I am posting it again in honour of Prince. He wasn't just an iconic performer, he was a sweet guy.
In the summer of 2011, I travelled to Lesotho with 12 Guelph high school students. These brilliant kids had been selected from each of their schools to join a group called 'Reach Lesotho'. The brain child of an equally brilliant young man, Abid Virani, the Reach Lesotho kids worked tirelessly for 18 months educating themselves on international development issues and specifically the difficulties faced by the people of Lesotho. I had the privilege of getting to know and love these students and the even greater privilege of leading them into this beloved country.
We were all changed by that trip. Four years later, many of them are now completing their first university degree and heading into professional programs. I am so proud of each one of them, for who they are and for what they have accomplished.

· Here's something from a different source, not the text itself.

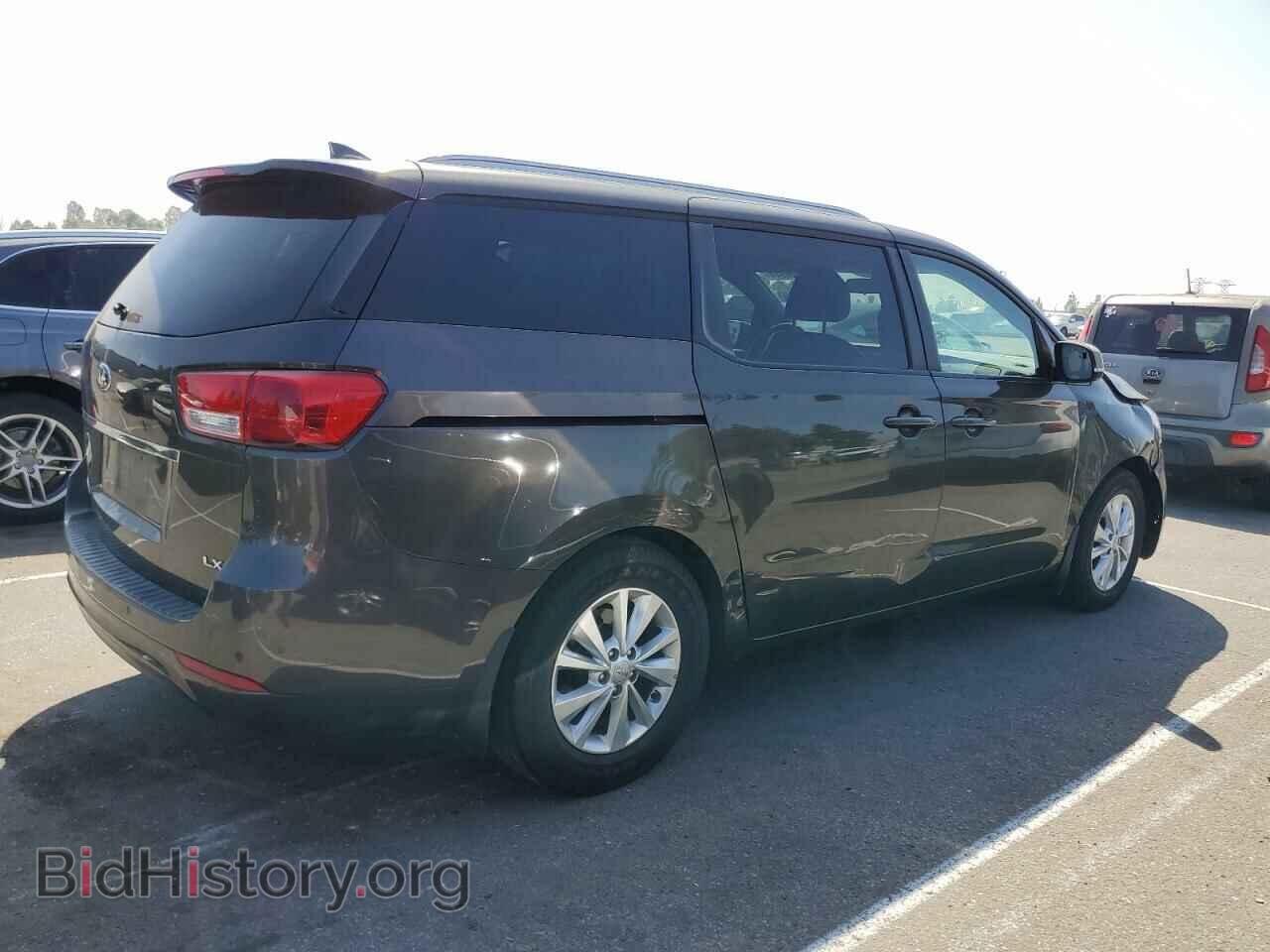 2017 KIA All Models - VIN: KNDMB5C10H6321056 - Фото 3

|Reach Lesotho: Summer of 2011|
After every trip to Lesotho, I come home inspired to find unique ways to raise more funds for our programmes there. I carry home with me the memory of the faces of our foster children, the women who struggle to keep their families alive and the sick who, despite incredible advancements in the treatment of HIV, continue to struggle for survival. In the fall of 2011, I had the brilliant idea of holding a huge party in my front yard. Remember my Batman? The qualities that make my husband face home intruders in his underwear with bat in hand, are the same qualities that make it very difficult for him to relax when 200 people are partying in a huge tent on his front yard.
For nine years now, the internationally renowned blues artist, Steve Strongman and his band, have headed to Guelph to entertain his Guelph fans in a back yard party. I admit that I am one of Steve's groupies. His music is magical. My good friend, Kevin Brown, feels the same way. Up until 2011, Kevin hosted these back yard parties with all proceeds given to Bracelet of Hope. Every year, Kevin's friends ( an army of them ) and family ( an army in and of itself ) would pile into his small back yard to enjoy good food, great company and the incredible musical talent of Steve and his band. And every year, in true Ontario style, it would rain and the party would be moved into Kevin's small living room with Steve and his band belting it out in the corner, the couches moved aside and Kevin's beautiful hard wood floor straining under the weight of our middle aged dancing feet.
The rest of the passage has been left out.